Pretrained ResNet18 with fully connnected layer replaced with a fully connected layer with 136 output nodes.

Training Parameters

Input Image Size: 224x224
Optimizer: Adam
Loss Function: MSE
Learning Rate: 1e-3
LR Scheduler: gamma 0.1; step size 30
Batch Size: 32
Number of Epochs: 35

Training History

Pictured on the left is the loss history of the model while training. First observation is that validation data follows training data well meaning we are generalizing well. Additionally, we can clearly see that the learning rate scheduler (which took a step on epoch 30) helped the model achieve a little more improvement in the loss.

3. Results

Example Training Data Results
(Orange = Predictions)

Example Validation Data Results
(Orange = Predictions)

Test Data Results
(Blue = Predictions)

Pictured above are the results of the trained model. Training data and validation data are both very accurate. Most surprisingly is how well it does on test data. The test data does well despite the wide variety of face sizes. I personally would think that all the rescaling would lose some detail in facial structure but the model still appears robust to it.

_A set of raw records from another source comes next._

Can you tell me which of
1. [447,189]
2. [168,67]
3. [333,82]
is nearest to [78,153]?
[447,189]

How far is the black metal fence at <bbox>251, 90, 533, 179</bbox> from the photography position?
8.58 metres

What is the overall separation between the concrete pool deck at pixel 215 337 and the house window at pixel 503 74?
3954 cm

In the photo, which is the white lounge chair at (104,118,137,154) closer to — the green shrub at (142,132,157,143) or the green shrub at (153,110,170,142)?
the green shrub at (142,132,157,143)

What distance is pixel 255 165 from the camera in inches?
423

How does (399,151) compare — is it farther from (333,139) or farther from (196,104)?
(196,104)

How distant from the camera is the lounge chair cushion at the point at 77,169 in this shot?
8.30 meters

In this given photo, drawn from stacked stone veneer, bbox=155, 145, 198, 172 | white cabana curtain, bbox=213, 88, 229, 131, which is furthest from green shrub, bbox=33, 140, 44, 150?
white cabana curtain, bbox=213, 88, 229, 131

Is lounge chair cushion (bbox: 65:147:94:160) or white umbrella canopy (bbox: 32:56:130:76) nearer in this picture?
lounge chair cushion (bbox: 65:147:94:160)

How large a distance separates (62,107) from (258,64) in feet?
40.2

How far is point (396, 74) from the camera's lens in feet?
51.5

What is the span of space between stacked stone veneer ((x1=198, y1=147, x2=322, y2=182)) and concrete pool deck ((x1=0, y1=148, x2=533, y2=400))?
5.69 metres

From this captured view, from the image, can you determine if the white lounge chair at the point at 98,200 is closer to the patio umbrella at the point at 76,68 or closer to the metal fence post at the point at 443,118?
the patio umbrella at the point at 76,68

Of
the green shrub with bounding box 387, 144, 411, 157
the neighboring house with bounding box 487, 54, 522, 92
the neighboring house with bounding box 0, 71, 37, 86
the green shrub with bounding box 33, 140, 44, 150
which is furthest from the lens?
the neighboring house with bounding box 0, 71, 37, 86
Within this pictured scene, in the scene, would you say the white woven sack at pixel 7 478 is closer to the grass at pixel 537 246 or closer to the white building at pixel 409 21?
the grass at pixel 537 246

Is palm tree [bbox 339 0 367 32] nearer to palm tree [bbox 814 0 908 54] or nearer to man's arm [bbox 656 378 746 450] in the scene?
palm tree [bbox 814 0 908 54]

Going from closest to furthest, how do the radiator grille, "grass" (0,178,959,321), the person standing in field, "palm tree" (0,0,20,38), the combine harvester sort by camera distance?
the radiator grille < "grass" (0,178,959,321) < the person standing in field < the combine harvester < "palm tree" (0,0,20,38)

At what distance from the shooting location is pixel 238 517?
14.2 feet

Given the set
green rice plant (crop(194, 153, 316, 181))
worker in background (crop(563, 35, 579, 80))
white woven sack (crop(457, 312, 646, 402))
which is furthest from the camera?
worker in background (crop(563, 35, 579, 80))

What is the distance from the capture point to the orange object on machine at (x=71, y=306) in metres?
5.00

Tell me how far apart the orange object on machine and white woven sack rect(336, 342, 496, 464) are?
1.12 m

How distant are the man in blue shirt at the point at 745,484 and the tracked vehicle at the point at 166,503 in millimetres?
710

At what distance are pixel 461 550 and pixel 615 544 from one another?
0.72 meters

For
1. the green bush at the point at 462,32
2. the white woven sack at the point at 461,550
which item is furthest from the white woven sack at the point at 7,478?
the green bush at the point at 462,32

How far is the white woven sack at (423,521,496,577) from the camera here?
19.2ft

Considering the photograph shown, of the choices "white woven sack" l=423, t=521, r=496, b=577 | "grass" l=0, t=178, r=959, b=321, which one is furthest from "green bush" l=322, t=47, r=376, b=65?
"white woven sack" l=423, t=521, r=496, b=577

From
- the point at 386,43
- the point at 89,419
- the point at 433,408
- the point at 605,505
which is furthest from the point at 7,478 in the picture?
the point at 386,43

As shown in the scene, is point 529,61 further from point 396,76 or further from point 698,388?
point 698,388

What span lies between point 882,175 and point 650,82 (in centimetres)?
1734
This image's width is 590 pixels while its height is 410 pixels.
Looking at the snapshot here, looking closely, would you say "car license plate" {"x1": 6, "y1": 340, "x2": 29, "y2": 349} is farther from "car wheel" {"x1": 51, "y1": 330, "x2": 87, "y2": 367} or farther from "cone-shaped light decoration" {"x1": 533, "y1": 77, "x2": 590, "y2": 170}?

**Note that test data augmentations only involved color normalization and no image transformations**

4. Fun Experiments

Given a working model, I wanted to test my model on some of my own photos. In particular, I wanted to experiment on out-of-distribution photos. The four photos I decided to test was an image of a gorilla's face, a person's face with a mask, a person's face obscured by hair, and a simple baseline person. Pictured below are the results.

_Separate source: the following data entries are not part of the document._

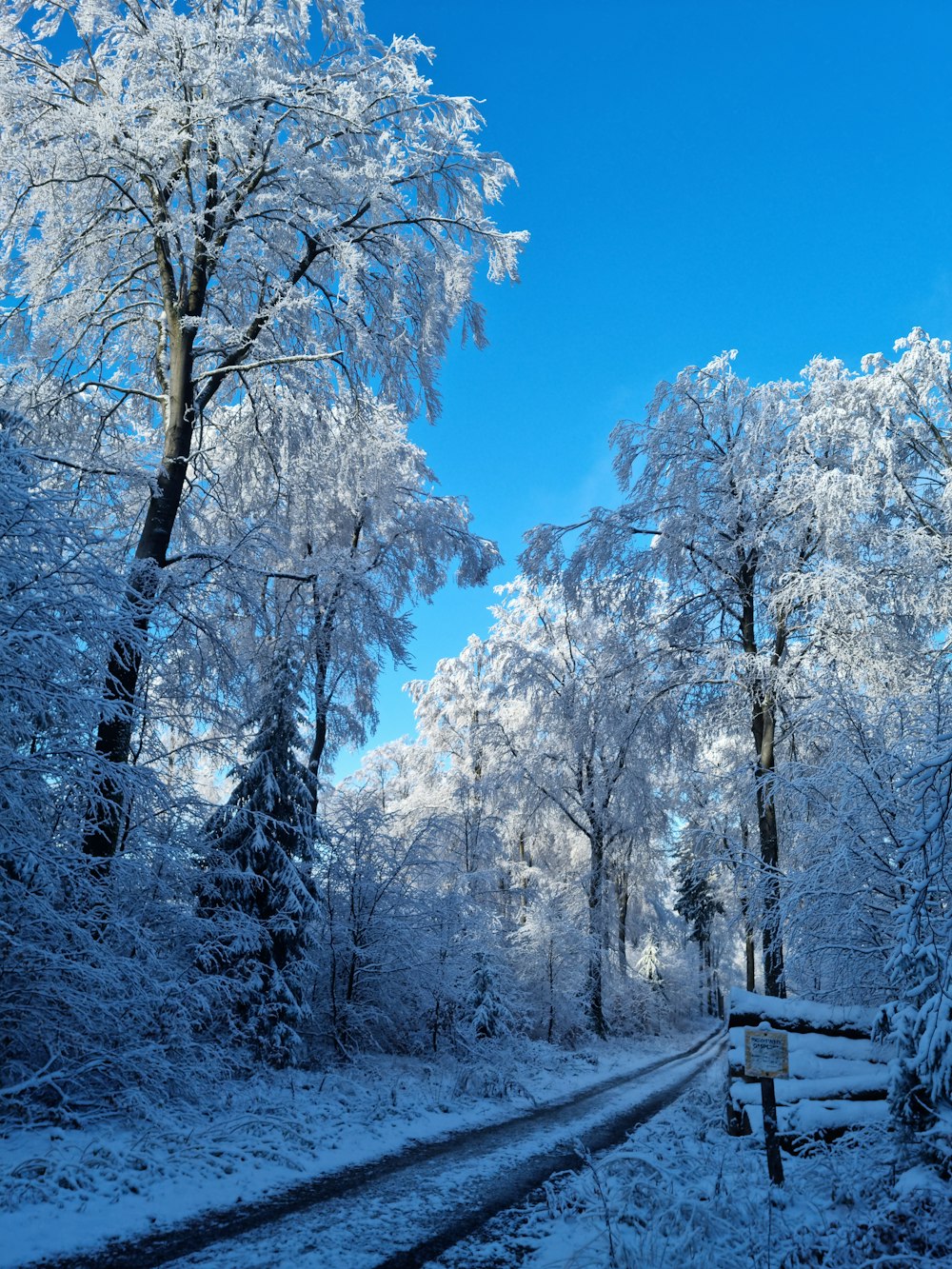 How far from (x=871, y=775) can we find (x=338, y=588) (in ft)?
31.4

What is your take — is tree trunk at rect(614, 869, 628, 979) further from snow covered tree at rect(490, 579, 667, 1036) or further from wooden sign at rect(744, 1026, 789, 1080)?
wooden sign at rect(744, 1026, 789, 1080)

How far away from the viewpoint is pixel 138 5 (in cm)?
990

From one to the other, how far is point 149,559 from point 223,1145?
585 centimetres

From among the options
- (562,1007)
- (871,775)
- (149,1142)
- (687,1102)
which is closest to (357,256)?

Evidently the gorilla image failed. Interestingly, the image with the face mask is able to find the correct shape of the face but is clearly lost on the fine details such as a nose and mouth. For the image obscured by hair, the model also struggles to find the eyes. Both of these observations are actually good because they suggest that the network actually learns the features corresponding to each keypoint.

Bells and Whistles

Kaggle Contest

Our class held a kaggle contest on the test set data where the metric was mean-absolute-error of predicted key points. I ranked 3 out of 153 with my model recieving a mean-absolute-error of 5.83 pixels.
Link to Kaggle: https://www.kaggle.com/c/cs194-26-fall-2021-project-5/leaderboard

Face Morphing (Revisited)

With an automatic facial keypoint detector, we now have a method to automate face morphing entirely. It is a faily simple process as well: use the neural network model to detect the keypoints and then pass these points into our face morphing algorithm. Pictured below is a face morph done between my housemates and our significant others produced without manually selecting any keypoints.